One thing that concerned me during my research and the subsequent drafting of this proposal was whether or not a program such as this would violate any copyright laws, especially if the university does choose to solicit scripts from the outside. I am happy to report that it won't. Federal law states that common law copyright commences when a written work is created. It is terminated, however, by any publication, dedication to the public, or when the owner registers his material with the Federal Copyright Office, at which time statutory copyright is established for an initial term of twenty-eight years (5:101).

If a piece is part of a school-related project, however, both the school and the author can claim the common law copyright. If the piece is protected by statutory copyright, then a written agreement is usually reached between the two parties, though, similiar to common law copyright, there would be strong arguments for the school to claim partial copyright priveleges, especially if the play had been rewritten during the university's association with the author (5:107).

I would assume that most submissions to the program would not be protected by statutory copyright law. But even in the event that they were, the university would not be in any danger of violating any laws by producing the play.


As Idaho's capitol and largest city, Boise deserves a program such as the one I've desribed. It is, in other words, a proposition in which everybody wins: the community, because residents will be able to enjoy another kind of theatrical experience, one that has never really existed here before; the participating students and writers who will gain a better working knowledge of how a play is created, from its inception to its fruition on the stage; and, finally, the university itself.


One of the problems that I ran into when researching this report was, frankly, a lack of information on the subject. Though I consulted more sources than are listed here, these are the ones I used. The others that I found were quite dated, if not inaccurate.
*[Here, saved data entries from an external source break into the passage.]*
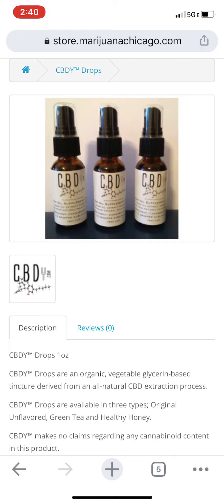These drops are pretty cool. You can put them in anything you're drinking, you can put them in food, or you can just drop it on your tongue — anything. I really like them, and they taste pretty good too.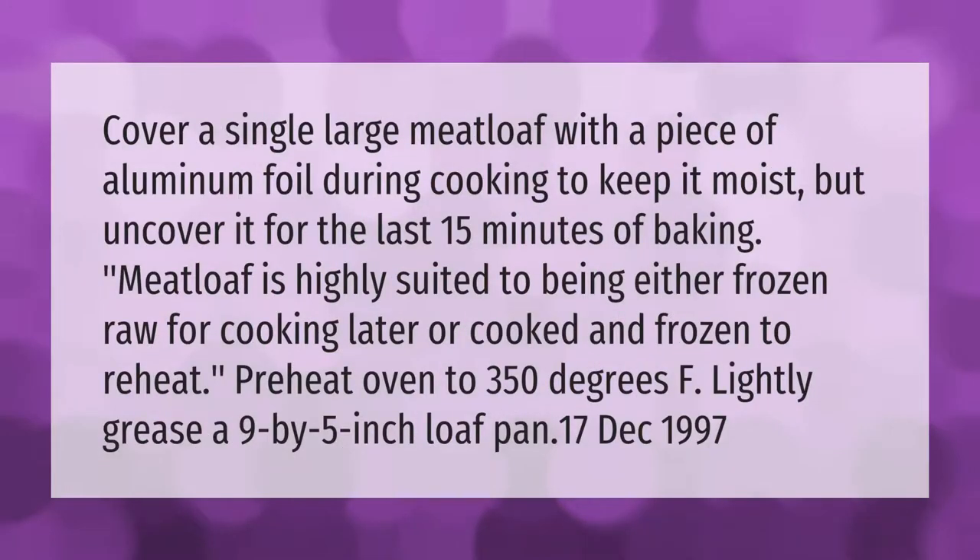Cover a single large meatloaf with a piece of aluminum foil during cooking to keep it moist, but uncover it for the last 15 minutes of baking. Meatloaf is highly suited to being either frozen raw for cooking later, or cooked and frozen to reheat. Preheat oven to 350 degrees F and lightly grease a 9 by 5 inch loaf pan.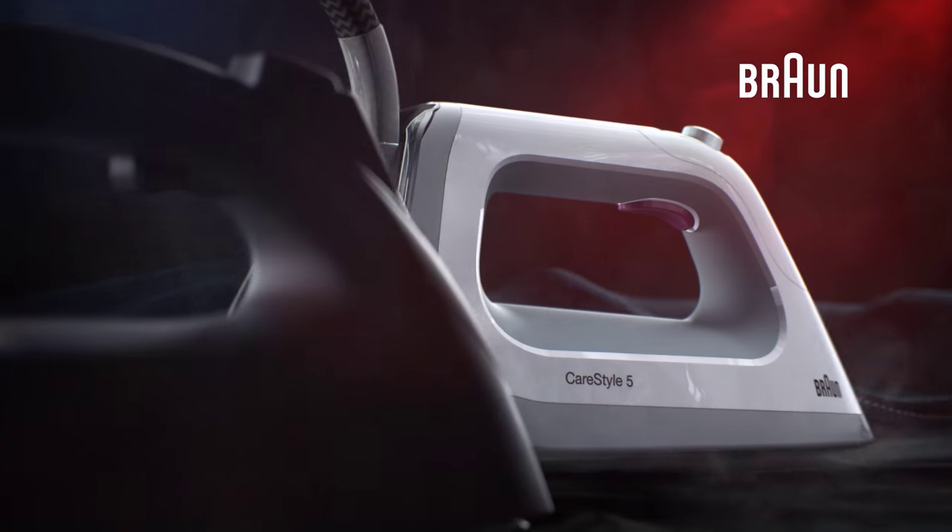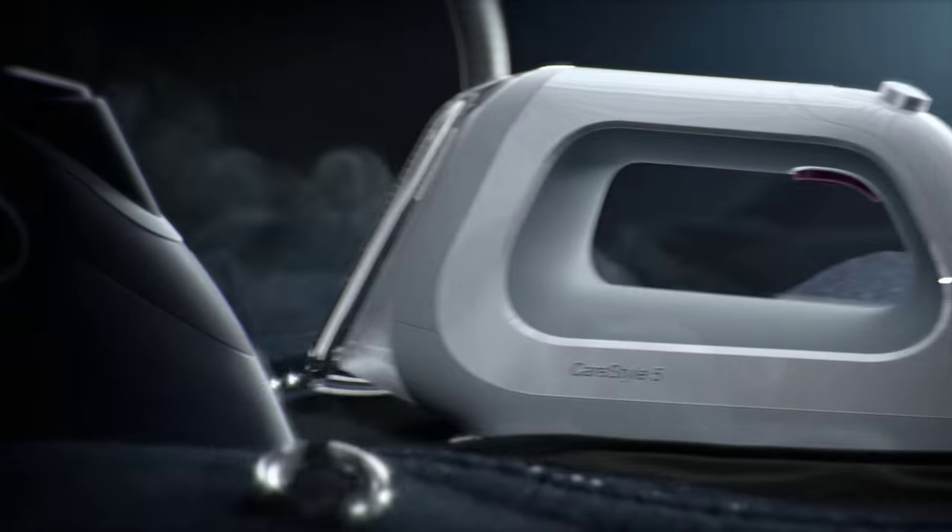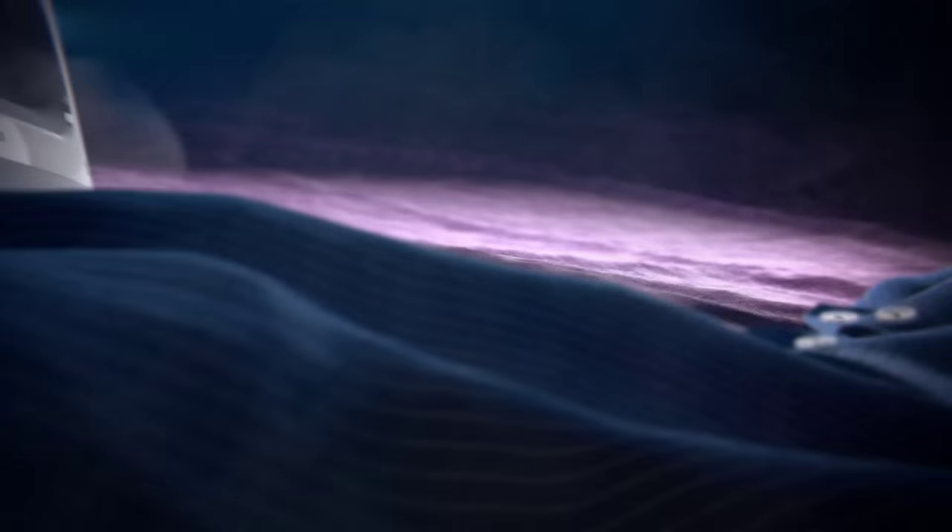Introducing the new Braun CareStyle 5 ironing system, making ironing easier and faster than ever before. Smart eye care technology sets the perfect temperature for every fabric.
1. Langley, Stephen. Theatre Management in America. 2nd ed. New York: Drama Book Publishers, 1980.

2. Ericson, Robert. Personal interview. 24 April, 1986.

3. Winn, Steven. "The Preproduction Test of a Play's Power."
The San Francisco Chronicle. 24 Nov. 1985. pp. 36-38.

4. Ross, Laura, ed. Theatre Profiles 5. New York: Theatre Communications Group, Inc. 1982.

5. Hurst, Walter E., Johnny Minus and William Storm Hale. Film-T.V Law. 3rd ed. Hollywood: Seven Arts Press, Inc. 1976.